Try it — Copy the data exactly from the line that contains "MINI Hatch 1.5" through the line that contains "Jardí de Finca", keeping both end lines and leaving out everything else.

Material for the task —
● ● ●

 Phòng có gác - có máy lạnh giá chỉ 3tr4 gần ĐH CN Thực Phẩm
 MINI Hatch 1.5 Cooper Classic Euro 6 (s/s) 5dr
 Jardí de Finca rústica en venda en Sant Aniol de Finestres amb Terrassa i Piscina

● ● ●

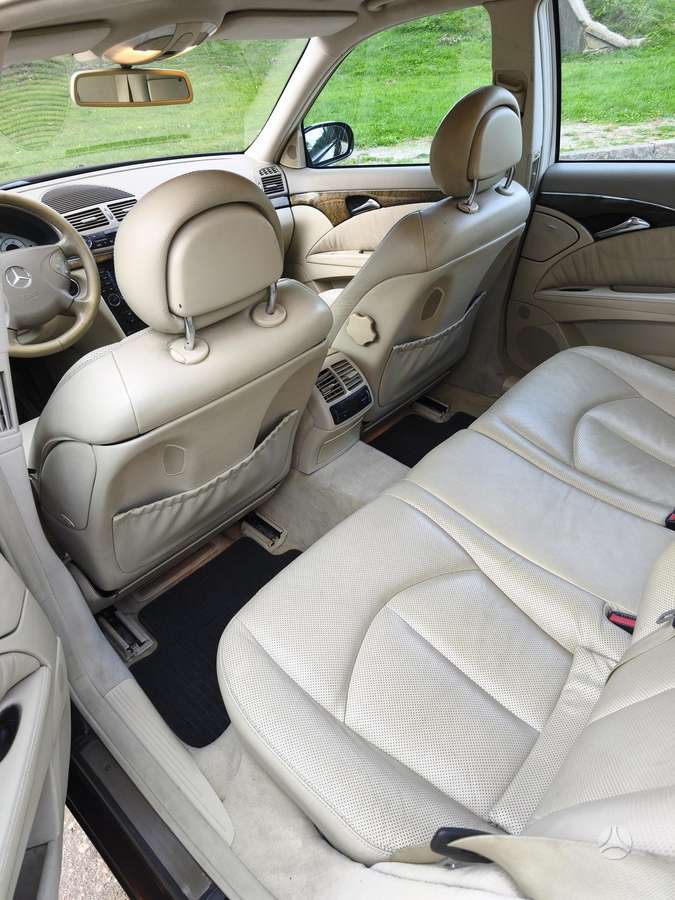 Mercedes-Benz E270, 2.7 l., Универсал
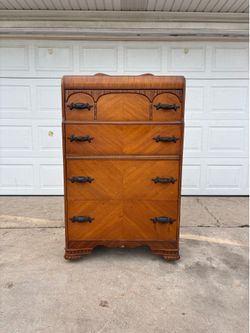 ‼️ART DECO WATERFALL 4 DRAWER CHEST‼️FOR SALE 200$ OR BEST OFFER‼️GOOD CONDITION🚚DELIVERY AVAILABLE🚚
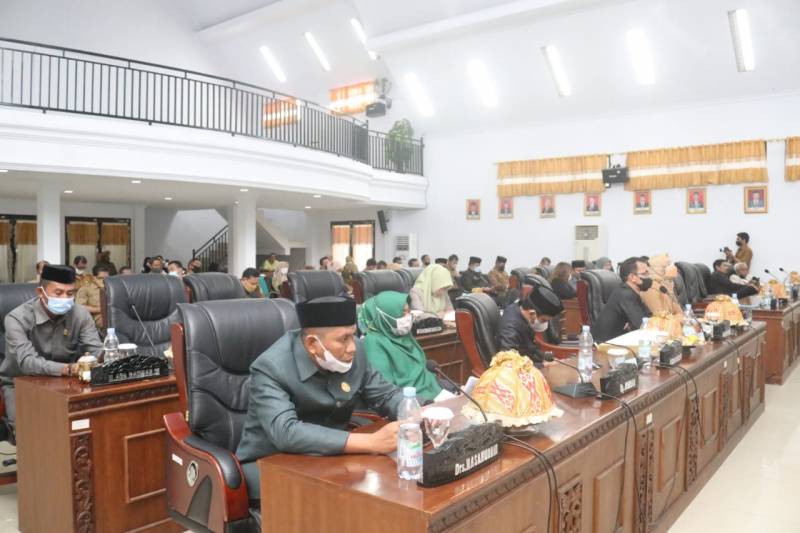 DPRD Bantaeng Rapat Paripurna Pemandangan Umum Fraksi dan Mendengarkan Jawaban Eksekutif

● ● ●

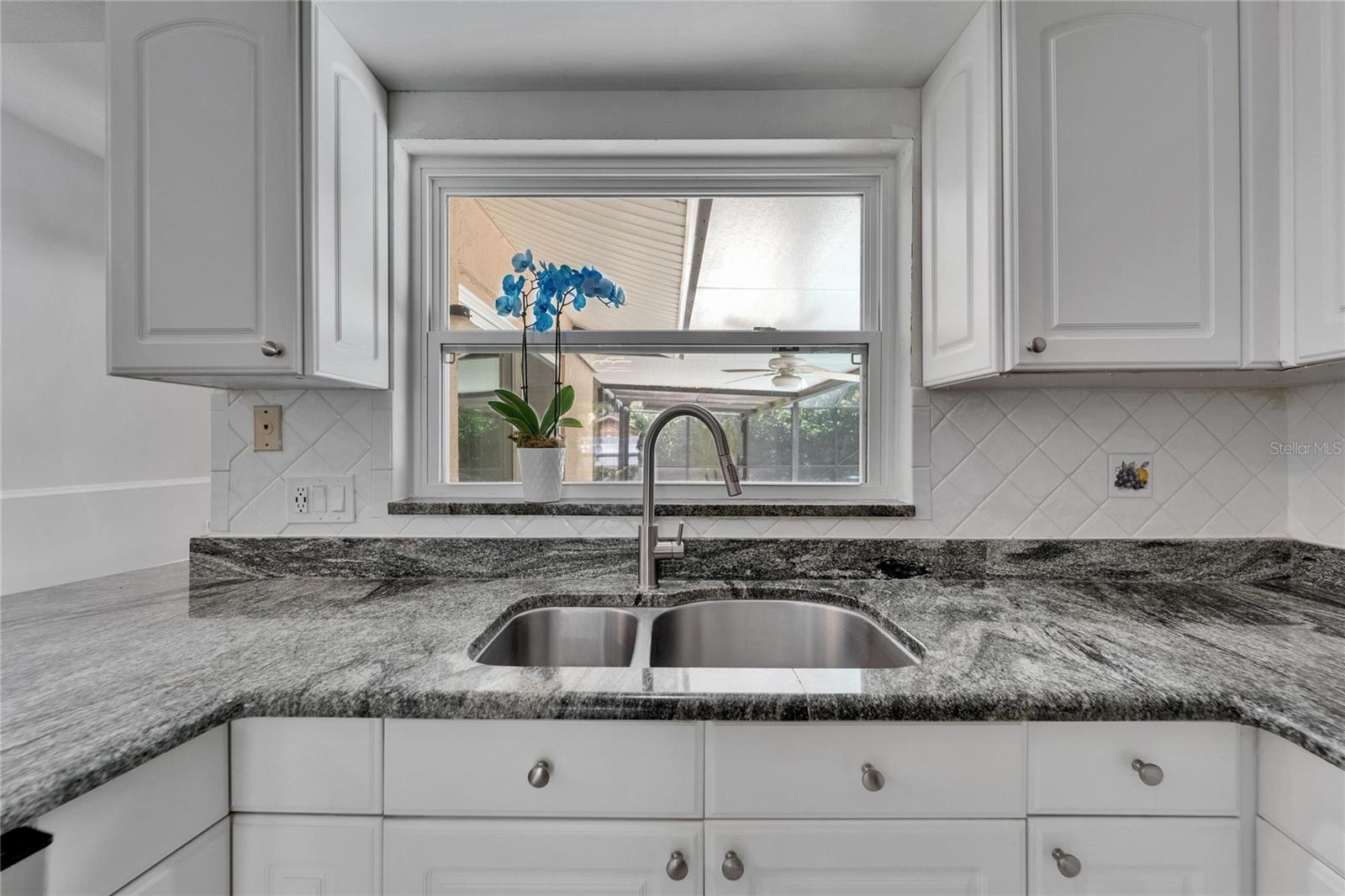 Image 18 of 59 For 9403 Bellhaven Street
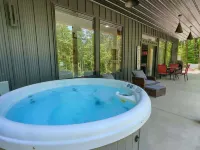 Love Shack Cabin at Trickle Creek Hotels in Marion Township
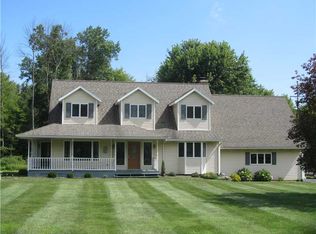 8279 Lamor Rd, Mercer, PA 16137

● ● ●

Written response —
 MINI Hatch 1.5 Cooper Classic Euro 6 (s/s) 5dr
 Jardí de Finca rústica en venda en Sant Aniol de Finestres amb Terrassa i Piscina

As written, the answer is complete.